Berliner and Wang also focused on showing a slice of life of the people living in the house. Objects are displayed, including cleaning towels and bedding, on a rotational basis to ensure the longevity of the objects.
"The house is so rich that everyone who comes here can find something that connects them. The core of this house is the idea of family, the idea of home," said Wang.
The PEM team studied the letters, photographs and family documents of the Huangs to learn how they lived in the house.
A household ledger lists expenditures by the family from 1922 to 1927. Among them, an ancestral portrait commissioned in December 1925 for one silver dollar and a pair of songbirds for three silver dollars in October 1922, and 20 copper cents spent on an operain February 1922.
Because Yin Yu Tang was a large house, people from more distant villages would spend the night there after military training during the cultural revolution. Chalk marks outside a room indicate that 16 women from a nearby village were assigned to sleep there.
Two small palm trees in the central courtyard didn't come from Huang Cun, but were donated by a local Salem resident of Chinese descent whose great-grandfather was one of the first Chinese sailors in the region. He wanted to honor his Chinese ancestry by donating the trees to the museum, and he visits Yin Yu Tang every two weeks to water them.
"The house is growing with us here. How people interact with it actually adds to the history of the house," said Wang.
Each year Yin Yu Tang receives about 50,000 visitors. Nearly one million have visited the Chinese house since it opened. Entrance to the PEM is $20, and admission to Yin Yu Tang is an additional $6.
Wang and Berliner have led many tours of the house.

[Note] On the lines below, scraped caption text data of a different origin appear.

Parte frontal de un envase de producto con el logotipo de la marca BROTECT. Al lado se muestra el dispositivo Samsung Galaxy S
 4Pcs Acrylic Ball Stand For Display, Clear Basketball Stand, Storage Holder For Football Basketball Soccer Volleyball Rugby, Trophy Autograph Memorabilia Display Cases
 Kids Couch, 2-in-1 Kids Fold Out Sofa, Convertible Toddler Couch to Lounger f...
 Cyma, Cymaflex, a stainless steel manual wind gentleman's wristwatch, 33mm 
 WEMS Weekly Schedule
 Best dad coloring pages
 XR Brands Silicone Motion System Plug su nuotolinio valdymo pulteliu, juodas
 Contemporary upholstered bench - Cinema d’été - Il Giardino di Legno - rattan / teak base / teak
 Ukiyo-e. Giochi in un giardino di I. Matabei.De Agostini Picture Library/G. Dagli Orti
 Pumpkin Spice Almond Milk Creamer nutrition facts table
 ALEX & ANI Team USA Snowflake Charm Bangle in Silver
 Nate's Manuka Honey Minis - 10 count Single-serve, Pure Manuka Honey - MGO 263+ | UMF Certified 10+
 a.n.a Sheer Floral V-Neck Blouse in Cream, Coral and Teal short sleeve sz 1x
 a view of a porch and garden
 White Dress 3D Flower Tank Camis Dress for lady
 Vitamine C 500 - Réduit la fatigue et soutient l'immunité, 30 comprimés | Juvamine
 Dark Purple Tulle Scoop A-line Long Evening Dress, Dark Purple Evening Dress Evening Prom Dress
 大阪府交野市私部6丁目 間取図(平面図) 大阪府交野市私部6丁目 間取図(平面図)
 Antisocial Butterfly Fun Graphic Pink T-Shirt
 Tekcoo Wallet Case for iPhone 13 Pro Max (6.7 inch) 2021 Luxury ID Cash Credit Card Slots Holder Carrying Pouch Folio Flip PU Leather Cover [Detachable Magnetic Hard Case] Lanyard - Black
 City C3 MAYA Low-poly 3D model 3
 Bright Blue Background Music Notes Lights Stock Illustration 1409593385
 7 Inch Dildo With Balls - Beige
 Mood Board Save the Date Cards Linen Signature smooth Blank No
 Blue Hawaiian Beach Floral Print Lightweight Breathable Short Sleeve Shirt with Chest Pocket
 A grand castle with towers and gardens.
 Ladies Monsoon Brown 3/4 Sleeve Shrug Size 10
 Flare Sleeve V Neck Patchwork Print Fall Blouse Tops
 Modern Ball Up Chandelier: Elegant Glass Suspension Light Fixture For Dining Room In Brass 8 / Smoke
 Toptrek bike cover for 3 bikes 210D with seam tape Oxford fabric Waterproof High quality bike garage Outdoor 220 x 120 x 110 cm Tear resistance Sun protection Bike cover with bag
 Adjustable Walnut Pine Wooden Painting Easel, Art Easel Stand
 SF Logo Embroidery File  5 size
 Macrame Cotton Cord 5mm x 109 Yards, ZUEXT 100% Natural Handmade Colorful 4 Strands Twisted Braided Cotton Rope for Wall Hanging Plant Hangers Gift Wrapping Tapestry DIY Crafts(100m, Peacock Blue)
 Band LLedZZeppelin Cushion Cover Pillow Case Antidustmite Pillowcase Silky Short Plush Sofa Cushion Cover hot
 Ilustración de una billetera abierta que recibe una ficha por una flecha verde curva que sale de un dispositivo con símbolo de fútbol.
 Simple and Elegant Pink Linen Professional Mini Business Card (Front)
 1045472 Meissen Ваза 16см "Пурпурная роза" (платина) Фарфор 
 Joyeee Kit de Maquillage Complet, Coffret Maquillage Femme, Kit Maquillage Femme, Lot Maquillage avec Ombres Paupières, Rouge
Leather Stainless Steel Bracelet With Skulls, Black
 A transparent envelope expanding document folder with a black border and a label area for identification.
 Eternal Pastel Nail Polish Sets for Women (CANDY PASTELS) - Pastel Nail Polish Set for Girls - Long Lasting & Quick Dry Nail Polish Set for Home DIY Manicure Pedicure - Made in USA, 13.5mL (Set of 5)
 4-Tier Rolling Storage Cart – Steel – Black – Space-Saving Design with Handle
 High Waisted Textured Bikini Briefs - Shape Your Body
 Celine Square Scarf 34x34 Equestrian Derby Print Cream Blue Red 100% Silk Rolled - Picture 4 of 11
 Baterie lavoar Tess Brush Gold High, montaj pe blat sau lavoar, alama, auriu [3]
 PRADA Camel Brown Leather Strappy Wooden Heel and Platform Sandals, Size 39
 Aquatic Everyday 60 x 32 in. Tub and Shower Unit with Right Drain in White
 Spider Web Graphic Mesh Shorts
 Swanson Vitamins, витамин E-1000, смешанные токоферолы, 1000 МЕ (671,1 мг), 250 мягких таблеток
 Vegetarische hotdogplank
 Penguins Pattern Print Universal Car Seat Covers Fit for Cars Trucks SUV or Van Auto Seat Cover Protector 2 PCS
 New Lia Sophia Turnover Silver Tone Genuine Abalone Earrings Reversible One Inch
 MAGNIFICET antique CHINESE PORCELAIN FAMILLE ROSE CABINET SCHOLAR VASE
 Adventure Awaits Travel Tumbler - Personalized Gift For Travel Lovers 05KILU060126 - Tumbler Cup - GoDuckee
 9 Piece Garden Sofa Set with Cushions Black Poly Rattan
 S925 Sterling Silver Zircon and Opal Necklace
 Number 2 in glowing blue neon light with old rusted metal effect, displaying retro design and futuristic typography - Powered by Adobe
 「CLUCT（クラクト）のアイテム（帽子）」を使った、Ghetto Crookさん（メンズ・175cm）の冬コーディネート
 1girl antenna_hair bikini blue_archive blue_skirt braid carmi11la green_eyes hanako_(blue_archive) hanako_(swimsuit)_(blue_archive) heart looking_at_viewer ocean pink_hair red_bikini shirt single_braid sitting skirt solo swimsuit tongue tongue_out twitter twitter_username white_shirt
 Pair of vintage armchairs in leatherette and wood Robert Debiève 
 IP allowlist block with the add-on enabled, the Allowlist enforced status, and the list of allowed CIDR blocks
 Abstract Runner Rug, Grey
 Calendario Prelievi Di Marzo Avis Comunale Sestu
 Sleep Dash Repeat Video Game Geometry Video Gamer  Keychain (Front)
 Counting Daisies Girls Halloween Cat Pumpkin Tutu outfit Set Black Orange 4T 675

Berliner once welcomed a Huang descendant to the house who worshiped his ancestors and visited the bedroom where his parents got married. The marriage furniture is still there.
"He said to me over and over again that it's such a wonderful way to preserve the house and the family history," said Berliner.
"It's gratifying to see Americans, non-Chinese suddenly have a sense of Chinese people's lives and histories and culture. It's also gratifying to see Chinese visitors feel that the house has preserved a time and a type of space of Chinese culture," she said.